Losing a loved one is difficult enough without the added stress of having to probate your loved one’s estate. Perhaps you are wondering what is involved in probating an estate? Although every estate is unique, here is a partial list of the duties required in a “typical” probate proceeding:
- Locate and file the decedent’s will (if he or she had one) with the local court
- File necessary probate documents with the court
- Ascertain and then notify all known creditors of the estate
- Secure the decedent’s residence and tangible personal property
- Locate, inventory, custody, close and transfer personal assets and accounts
- Appraise and determine the value of all assets
- Make payments to creditors, discharge the decedent’s obligations and obtain creditor releases
- Process and obtain life insurance death benefits, if any
- File tax returns (federal and state) and make appropriate tax elections
- Pay estate taxes and final personal income taxes, if any
- Obtain tax releases and closing letters from the IRS, local courts and state taxing authorities
- Make specific bequests, together with partial and final distributions, to beneficiaries.
- Provide detailed accounting to beneficiaries and the local court
As you can well imagine, accomplishing all of this takes a great deal of time. When you factor in the grief that comes with losing a loved one, the situation can seem overwhelming.
You do not have to go through probate alone. We can guide you through the process and settle the estate as quickly and economically as possible, so you can focus on what is most important—coming to terms with your loss.
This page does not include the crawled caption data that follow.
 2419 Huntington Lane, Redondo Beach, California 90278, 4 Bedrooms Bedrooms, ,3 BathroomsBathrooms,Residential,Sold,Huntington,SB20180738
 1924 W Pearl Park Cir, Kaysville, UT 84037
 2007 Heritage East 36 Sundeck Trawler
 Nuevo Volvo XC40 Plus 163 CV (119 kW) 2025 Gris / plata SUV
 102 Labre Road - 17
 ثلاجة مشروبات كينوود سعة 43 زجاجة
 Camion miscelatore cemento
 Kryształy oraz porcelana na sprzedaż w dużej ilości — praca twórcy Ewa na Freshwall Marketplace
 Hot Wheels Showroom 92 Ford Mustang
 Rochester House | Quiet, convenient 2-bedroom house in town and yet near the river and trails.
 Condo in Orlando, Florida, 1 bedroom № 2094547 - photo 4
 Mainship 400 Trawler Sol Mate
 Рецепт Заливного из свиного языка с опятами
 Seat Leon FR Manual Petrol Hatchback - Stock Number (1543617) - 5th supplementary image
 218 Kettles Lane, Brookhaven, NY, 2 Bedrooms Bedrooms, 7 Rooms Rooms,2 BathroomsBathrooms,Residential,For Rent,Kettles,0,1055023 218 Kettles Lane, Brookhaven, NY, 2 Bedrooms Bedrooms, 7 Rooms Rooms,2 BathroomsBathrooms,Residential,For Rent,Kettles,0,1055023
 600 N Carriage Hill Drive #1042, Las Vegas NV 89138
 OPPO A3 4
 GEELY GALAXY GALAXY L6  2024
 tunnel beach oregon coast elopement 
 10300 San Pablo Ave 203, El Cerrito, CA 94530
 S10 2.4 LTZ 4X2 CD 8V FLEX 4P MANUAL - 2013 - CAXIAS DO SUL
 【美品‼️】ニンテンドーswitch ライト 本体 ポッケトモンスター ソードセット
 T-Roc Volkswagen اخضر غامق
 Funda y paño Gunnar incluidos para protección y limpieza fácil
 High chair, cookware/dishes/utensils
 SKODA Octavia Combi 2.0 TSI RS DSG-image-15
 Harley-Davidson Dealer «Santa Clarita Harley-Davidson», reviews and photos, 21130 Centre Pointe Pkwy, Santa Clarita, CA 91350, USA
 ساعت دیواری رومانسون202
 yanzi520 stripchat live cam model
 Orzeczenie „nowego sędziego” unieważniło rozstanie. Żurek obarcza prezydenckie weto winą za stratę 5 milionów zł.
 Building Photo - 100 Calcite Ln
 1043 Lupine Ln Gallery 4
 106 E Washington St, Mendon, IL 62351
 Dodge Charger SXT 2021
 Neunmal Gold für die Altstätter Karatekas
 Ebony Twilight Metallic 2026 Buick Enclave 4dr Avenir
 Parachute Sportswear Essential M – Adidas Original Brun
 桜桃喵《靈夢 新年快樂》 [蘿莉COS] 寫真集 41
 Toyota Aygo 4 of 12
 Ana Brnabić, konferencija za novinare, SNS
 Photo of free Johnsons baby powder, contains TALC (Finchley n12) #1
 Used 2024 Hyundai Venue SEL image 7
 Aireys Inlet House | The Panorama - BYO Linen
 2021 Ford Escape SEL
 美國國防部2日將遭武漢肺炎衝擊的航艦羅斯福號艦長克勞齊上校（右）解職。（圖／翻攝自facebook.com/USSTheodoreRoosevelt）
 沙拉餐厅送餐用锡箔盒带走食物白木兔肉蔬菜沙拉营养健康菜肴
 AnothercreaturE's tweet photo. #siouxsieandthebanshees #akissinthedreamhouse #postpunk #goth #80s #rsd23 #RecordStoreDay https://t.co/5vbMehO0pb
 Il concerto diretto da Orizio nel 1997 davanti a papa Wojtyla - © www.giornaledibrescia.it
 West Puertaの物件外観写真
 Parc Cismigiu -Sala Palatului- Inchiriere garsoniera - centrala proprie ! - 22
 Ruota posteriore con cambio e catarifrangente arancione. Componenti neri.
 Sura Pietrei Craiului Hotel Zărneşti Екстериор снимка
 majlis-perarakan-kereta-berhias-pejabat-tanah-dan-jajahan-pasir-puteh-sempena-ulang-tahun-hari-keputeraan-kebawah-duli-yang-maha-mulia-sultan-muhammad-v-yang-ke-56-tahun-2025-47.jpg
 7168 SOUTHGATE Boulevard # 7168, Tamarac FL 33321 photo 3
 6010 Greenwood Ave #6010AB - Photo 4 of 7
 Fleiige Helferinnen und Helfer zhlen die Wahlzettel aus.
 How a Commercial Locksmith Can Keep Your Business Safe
Many people think that once they have funded a trust it will take effect “automatically” when it is needed. Not so. For a trust to carry out the wishes of its maker, the trust must be administered. Trust administration involves filing the will with the local court and tax filings with the state and the Internal Revenue Service. In addition, the law requires that trust beneficiaries and others are notified of the decedent’s passing. Additional duties can include opening bank accounts, settling creditor claims, obtaining a new tax ID number, arranging for the sale of assets, paying the final expenses of the decedent, and more. Proper accounting practices must be maintained throughout the entire process.
Failure to properly administer a trust can have serious financial and legal consequences for the trustee. Do not take the decision to serve as trustee lightly. If you have been asked to do so, we can explain the steps involved and the potential risks in clear, easy-to-understand language. If you decide to serve as trustee, we can guide you through the process every step of the way. We can help you choose the ideal trustee if you decide not to take on the responsibility yourself. We can also work closely with your existing advisors and representatives to ensure the directives of the trust are carried out properly.